I'm Teresa Honey, and I kept this blog to document this time in my son's life, to share pictures and stories with far-away friends and relatives, and to add ours to the many stories of families living rich, engaging, loving lives with learning happening all the time and in many forms, totally inseparable from every other part of being human.

Here you'll find 180 or so learning moments recorded from August, 2011 to April, 2012 in the life of a 5-turned-6-year-old radically unschooled kid.

Friday, December 2, 2011

66



My Advent calender activity of the day was to play with felt. I thought we could make cute little felt ornaments like I had seen in the Christmas crafts books that Woody and I got at the library last week. I bookmarked those pages and made a little sample one, a brown bear, after they went to bed one night. I thought they were really going to like this.

I had already cut out felt shapes to help them get started. I had the embroidery floss ready and the big needles. And I sat down with all three of them--Woody, Fox, and Aila--to see what we could make. 

Fox arranged white circles on an orange background and called it a snowman missing his head. Woody first wanted to make a mask, but I said no. (I wonder at that now: why did I call the activity "playing with felt" and then say no to what he wanted to play? At the time, I got a vision in my mind of a very large and complex project that I did not have the resources for. But I didn't ask him what he had in mind. I just said no. A lost opportunity for me.) Next he designed a sun dial with four colored triangles and a white circle center. Aila put together a cat face. I offered to help them sew their pictures into ornaments, and Aila was interested, but the boys were not. Sewing with a young child takes a bit more focus, so as my attentions turned more toward her, the boys drifted away, sitting together on the couch to watch Tom and Jerry.

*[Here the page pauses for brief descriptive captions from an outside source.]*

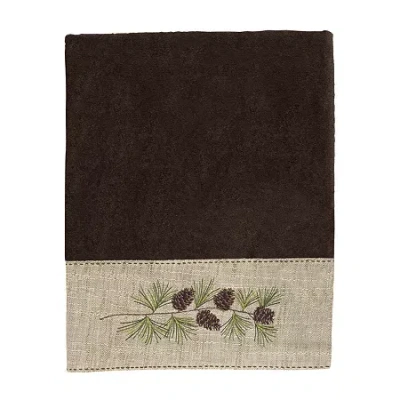 Avanti Pine Branch Bath Towel Collection In Brown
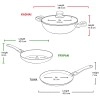 Milton Pro Cook Kitchen Jewel Set of 3 Fry pan 24 cm Kadhai 24 cm Glass lid & Tawa Maroon Milton Pro Cook Kitchen Jewel Set of 3 Fry pan 24 cm Kadhai 24 cm Glass lid & Tawa Maroon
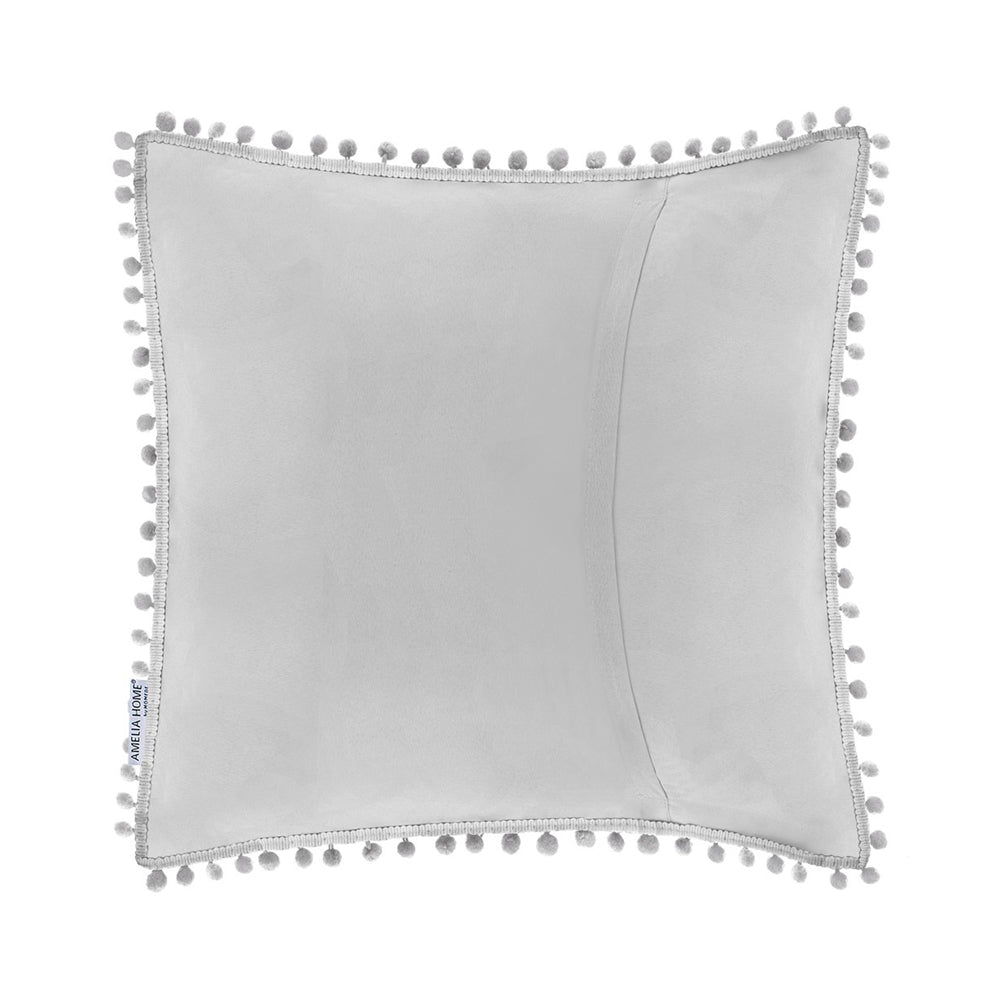 Set 2 huse pernute decorative matlasate din microfibra, Meadore, 70 g/m2, Gri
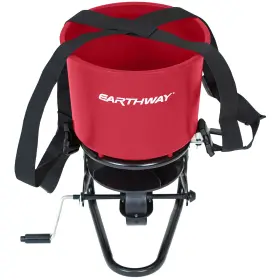 199435 Earthway 3100 40 Lb 18 Kg Professional Chest Mount Hand Crank Broadcast Spreader Inc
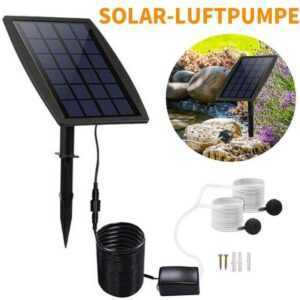 yozhiqu Teichbelüfter Solar Aquarium Sauerstoffpumpe,Aquarium Oxygenator Belüfter Luftpumpe, (1-St), Plug-in Sauerstoffpumpe für Outdoor-Pool Teich Fischbecken Schwarz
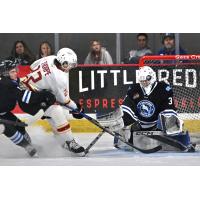 Vancouver Giants right wing Tyler Thorpe vs. the Wenatchee Wild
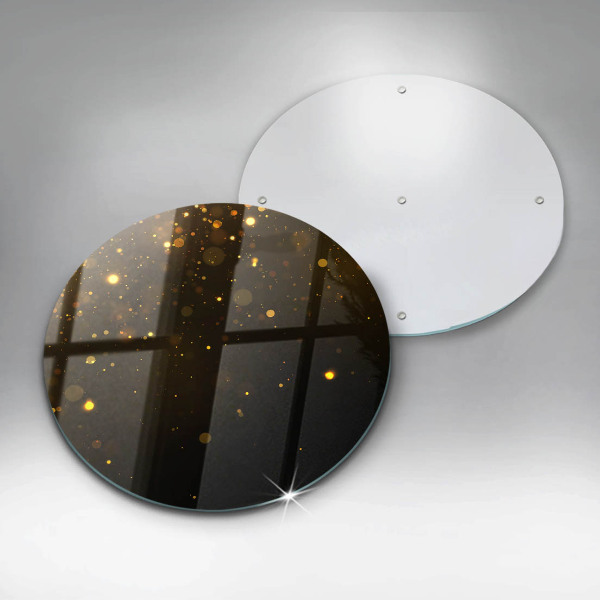 De vidrio templado Brillo dorado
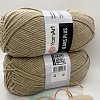 Пряжа Jeans plus 48 серо-беж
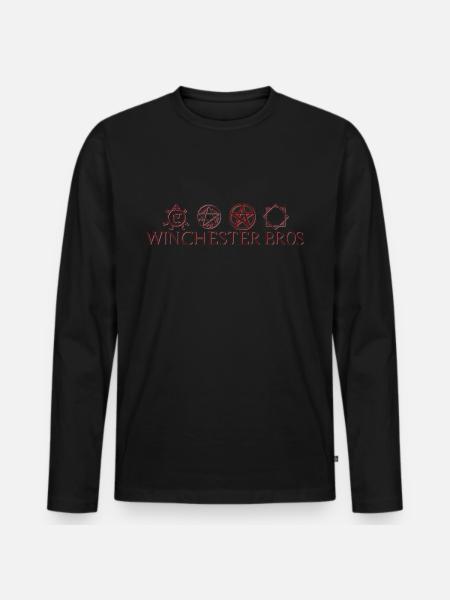 Winchester_Bros - Men's Premium Organic Long Sleeve Shirt - black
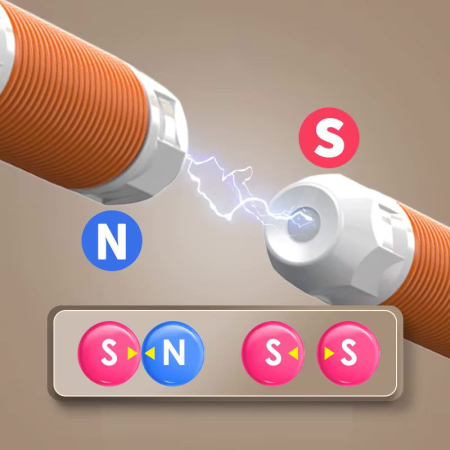 Set de constructii 3D magnetic, cu bile si tuburi flexibile, joc educativ STEM, 108 / 57 piese [4]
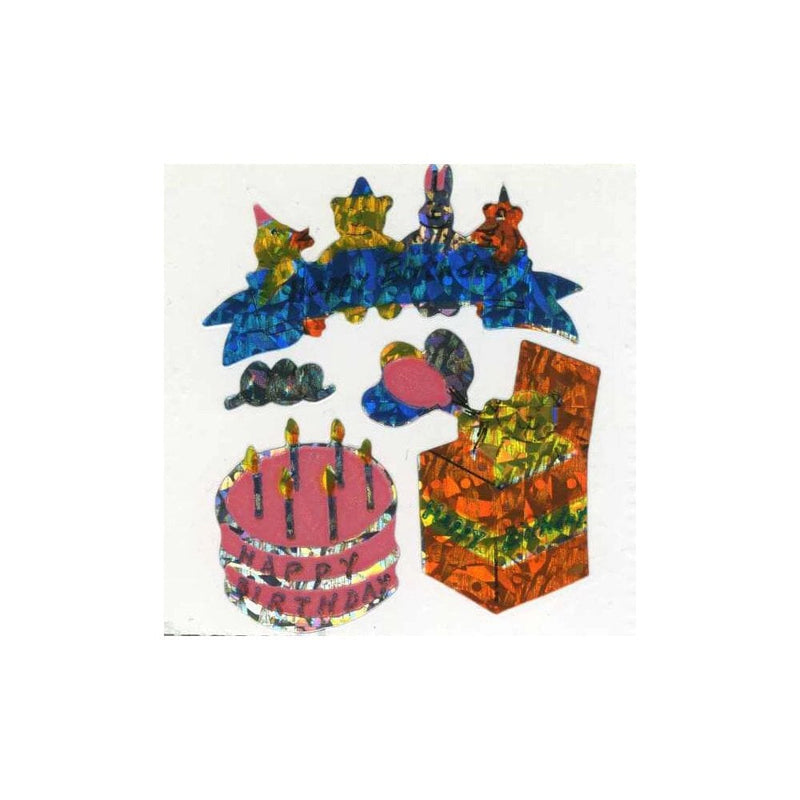 PRISMATIC STICKER SHEET - Birthday Cake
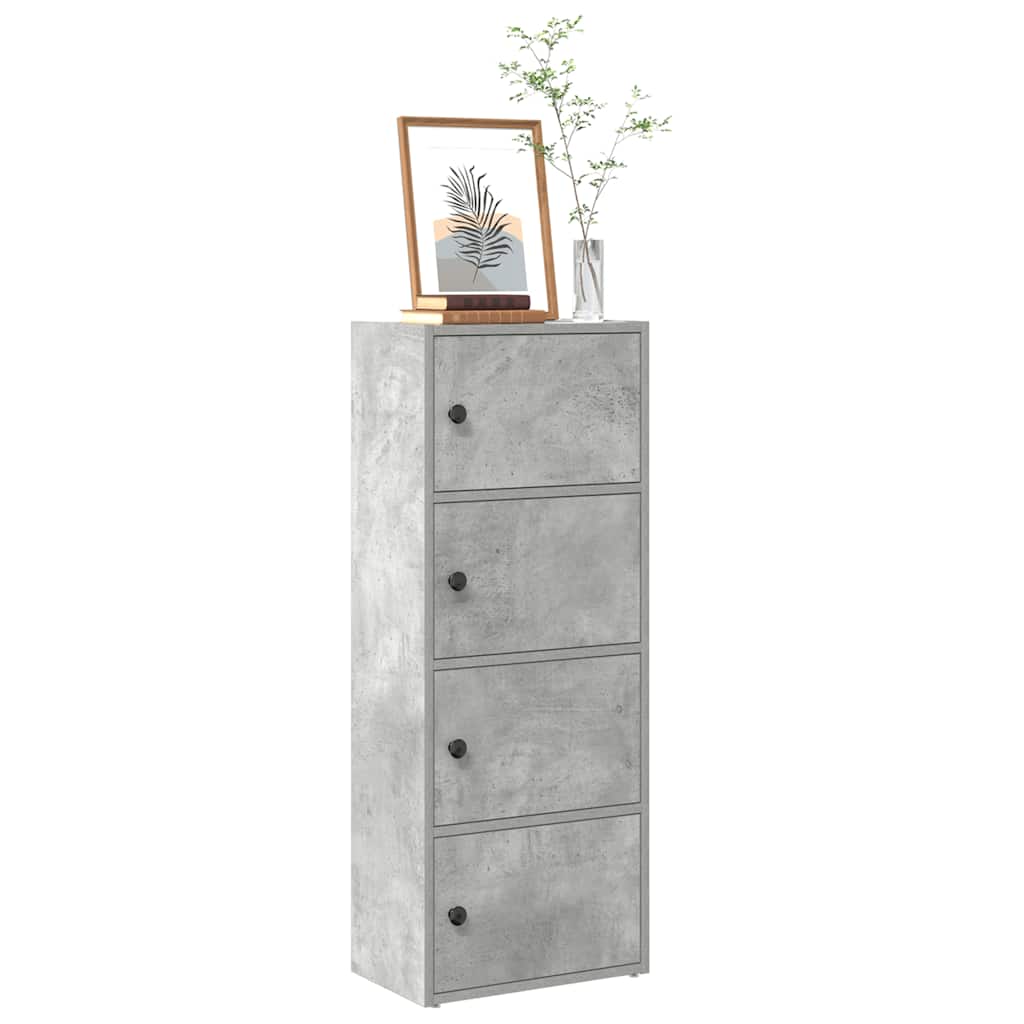 Regal za knjige boja betona 40x24x102 cm konstruirano drvo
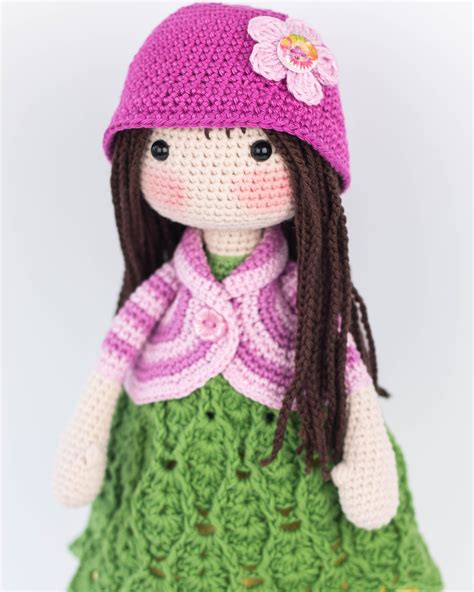 Tilda Crochet Doll Amigurumi Doll Stuffed Doll Handmade Doll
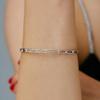 14K White Gold Show Love Infinity Bangle (M) Bracelet TBJK4W00300M-M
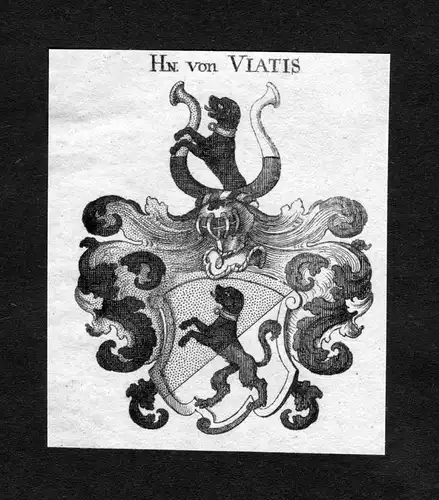 Viatis - Viatis Wappen Adel coat of arms heraldry Heraldik Kupferstich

I wonder sometimes, with "flops" such as this, Did I break the activity up into small enough tasks? Did I provide enough examples (several pictures in two different books plus a cute bear face I had designed and sewed myself ahead of time)? Did I provide opportunity for engagement on many levels, using several senses?

But really, I think it comes down to this: this is an absolutely free learning environment with interested adults and plenty of materials available. The boys wanted to make felt pictures and then watch a favorite cartoon. Their cousin wanted to sew a felt ornament. Everybody got something out of this. That's enough. In fact, it's more than enough, it's pretty darn good.


Later, at the park, I picked up a few more things that might work as crafting supplies. Maybe we'll try making other ornaments or wreaths, something that uses a glue gun. (He loves the glue gun.) And maybe we'll just mess around with the materials and see what happens with no end product in mind. Or maybe I'll make my own thing and they can make their own things and we can sit around together creating and call it crafts. When Woody saw me taking this picture, he put the acorn caps on each of his fingers and made them all Army generals. They fought each other, each one wanting to be in charge, until one by one they lost their hats and went back to just being fingers. Heck, maybe even the glue gun is superfluous. Maybe the acorn caps and a laughing mama are enough.